Nigeria is determined to achieve the financial inclusion target of 80 percent by 2020 with a strong focus on including five excluded groups – women, youth and people in rural areas.
Women, the youth (under 35 years), rural residents and those in Northern Nigeria (North East and North West) are the most financially excluded, according to a survey by Enhancing Financial Innovation and Access (EFinA).
The working group and the technical group of the inclusion strategy are also working to increase the agent network to bring financial services to the people.
To further enhance financial system stability, the Nigeria Deposit Insurance Corporation (NDIC) says it has embarked on various public awareness campaign explaining the role and responsibilities of the customers to their banks, and vice versa.
“NDIC in collaboration with all relevant key players in the nation’s financial system will continue to work on several initiatives to accelerate financial literacy and financial inclusion, especially among rural communities nationwide so as to promote inclusive growth in Nigeria,” Umar Ibrahim, managing director/CEO, NDIC, said.
Represented by Mohammed Yayangida Umar at the ongoing workshop for business editors and Finance Correspondents Association of Nigeria, he said the NDIC would continue to work closely with CBN to ensure effective supervision of the banks so as to ensure strict adherence to rules and regulations guiding banking operations.
Speaking on ‘Financial Inclusion in Nigeria: The Journey So Far,’ Temitope Akin-Fadeyi, head, financial inclusion secretariat, Central Bank of Nigeria (CBN), mentioned some of the challenges to financial inclusion to include security, problem of economy and low literacy level among others.
The panellists at the panel session agree that the secret of the initiatives resides in the level of penetration and the best way to go about it is through technology.
Nigeria launched its own National Financial Inclusion Strategy (NFIS) in October 2012. The overarching objective of the strategy is to reduce the number of Nigerian adults without access to formal financial services to 20 percent by 2020 from the baseline figure of 46.3 percent in 2010.
Notwithstanding global progress, account ownership in Nigeria has plummeted by 4 percentage points to 40 percent in 2017 compared to 44 percent in the 2014 report.

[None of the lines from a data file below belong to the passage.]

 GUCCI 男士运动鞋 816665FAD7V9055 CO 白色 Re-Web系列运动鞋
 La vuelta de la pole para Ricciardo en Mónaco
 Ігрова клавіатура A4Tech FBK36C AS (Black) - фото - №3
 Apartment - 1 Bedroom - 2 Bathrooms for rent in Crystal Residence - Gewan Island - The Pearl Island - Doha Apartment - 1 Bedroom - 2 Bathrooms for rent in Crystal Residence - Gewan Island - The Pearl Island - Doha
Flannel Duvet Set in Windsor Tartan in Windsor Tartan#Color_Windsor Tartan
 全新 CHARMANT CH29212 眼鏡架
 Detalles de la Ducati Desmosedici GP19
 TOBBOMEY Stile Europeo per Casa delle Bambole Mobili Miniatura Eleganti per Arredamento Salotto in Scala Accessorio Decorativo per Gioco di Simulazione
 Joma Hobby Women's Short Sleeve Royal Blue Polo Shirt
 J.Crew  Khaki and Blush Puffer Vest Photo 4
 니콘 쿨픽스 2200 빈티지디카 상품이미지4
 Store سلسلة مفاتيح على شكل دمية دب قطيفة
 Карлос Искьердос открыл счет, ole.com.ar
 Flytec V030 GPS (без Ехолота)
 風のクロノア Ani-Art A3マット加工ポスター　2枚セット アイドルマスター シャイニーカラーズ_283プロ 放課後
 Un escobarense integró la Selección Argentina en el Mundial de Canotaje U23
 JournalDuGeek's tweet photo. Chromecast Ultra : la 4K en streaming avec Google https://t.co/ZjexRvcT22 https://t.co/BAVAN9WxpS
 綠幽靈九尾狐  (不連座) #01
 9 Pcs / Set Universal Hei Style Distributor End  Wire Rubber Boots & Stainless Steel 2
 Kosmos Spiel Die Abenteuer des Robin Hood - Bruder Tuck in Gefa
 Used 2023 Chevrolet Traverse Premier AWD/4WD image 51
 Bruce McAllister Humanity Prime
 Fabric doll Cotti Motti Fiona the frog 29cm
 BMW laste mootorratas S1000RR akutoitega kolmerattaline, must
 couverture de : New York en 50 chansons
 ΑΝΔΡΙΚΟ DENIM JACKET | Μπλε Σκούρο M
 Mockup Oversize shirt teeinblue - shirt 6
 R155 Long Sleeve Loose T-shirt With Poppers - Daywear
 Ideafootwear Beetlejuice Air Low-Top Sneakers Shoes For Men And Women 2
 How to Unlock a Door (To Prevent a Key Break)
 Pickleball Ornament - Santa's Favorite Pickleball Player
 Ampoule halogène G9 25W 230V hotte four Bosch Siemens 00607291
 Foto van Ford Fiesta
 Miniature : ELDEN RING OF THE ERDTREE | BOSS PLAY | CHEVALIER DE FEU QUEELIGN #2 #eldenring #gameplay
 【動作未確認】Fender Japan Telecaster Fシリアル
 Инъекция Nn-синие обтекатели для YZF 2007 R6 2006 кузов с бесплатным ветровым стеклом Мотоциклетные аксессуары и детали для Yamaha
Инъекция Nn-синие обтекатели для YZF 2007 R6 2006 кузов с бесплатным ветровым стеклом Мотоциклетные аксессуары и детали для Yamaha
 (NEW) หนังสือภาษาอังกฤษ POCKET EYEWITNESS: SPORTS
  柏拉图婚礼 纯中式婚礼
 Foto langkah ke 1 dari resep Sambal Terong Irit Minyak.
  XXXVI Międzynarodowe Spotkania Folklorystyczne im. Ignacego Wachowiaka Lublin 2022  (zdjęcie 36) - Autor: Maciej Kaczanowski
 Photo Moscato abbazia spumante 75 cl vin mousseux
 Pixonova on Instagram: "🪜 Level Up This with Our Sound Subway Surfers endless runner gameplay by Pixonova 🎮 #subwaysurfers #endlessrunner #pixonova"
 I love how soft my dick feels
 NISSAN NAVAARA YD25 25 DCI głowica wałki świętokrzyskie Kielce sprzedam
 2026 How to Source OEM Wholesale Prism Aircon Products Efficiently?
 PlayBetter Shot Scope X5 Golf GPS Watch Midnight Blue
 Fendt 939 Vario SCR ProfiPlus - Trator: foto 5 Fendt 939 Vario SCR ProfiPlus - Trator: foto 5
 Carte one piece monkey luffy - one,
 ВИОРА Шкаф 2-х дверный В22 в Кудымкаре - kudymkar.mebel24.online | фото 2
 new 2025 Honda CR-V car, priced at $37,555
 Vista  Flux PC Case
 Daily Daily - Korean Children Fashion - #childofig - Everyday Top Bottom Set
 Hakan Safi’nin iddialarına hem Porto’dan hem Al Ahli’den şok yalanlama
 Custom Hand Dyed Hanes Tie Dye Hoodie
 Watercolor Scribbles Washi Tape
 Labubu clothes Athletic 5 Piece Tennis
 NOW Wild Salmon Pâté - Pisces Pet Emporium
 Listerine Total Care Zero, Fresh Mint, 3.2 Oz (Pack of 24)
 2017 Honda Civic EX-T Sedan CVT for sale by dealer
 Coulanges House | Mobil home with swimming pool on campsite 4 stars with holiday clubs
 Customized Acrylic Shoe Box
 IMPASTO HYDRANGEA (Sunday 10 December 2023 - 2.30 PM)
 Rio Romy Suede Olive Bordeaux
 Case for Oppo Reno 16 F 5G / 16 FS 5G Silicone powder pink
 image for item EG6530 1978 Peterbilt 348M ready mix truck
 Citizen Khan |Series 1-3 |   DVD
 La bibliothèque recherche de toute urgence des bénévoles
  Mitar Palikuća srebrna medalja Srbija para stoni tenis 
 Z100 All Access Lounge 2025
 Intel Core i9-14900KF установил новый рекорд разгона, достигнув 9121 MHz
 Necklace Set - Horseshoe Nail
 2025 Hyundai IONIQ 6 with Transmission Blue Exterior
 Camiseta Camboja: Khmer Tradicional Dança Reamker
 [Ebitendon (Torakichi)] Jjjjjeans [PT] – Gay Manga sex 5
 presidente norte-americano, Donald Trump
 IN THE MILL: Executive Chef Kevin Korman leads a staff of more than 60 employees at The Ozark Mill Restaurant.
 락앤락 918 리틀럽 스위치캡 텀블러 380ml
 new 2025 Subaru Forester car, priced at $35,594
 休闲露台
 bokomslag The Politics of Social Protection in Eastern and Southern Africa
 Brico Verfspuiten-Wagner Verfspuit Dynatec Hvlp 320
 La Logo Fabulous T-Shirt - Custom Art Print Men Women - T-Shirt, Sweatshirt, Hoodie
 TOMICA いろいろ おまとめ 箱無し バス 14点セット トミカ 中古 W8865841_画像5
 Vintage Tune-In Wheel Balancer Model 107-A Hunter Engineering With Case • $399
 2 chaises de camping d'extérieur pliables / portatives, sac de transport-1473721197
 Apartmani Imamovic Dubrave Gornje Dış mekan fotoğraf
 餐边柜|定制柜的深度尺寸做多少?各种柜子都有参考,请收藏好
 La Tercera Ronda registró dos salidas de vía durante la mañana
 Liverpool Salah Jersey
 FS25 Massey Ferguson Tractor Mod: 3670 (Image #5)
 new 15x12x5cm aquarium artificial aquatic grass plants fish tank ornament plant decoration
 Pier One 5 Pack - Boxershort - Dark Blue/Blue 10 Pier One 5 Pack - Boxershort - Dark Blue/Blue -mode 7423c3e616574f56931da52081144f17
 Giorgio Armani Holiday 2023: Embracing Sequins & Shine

This trend is in tandem with the EFInA 2016 survey report on Access to finance, which shows that no interim target was achieved in 2016.
One of the major highlights of Financial Inclusion in 2017 is the reduction in the number of unbanked by 515 million globally according to data released by the World Bank. The World Bank Global Findex 2017 report showed that the total number of globally excluded has reduced from 2 billion based on the 2014 Global Findex data to 1.7 billion based on the 2017 data.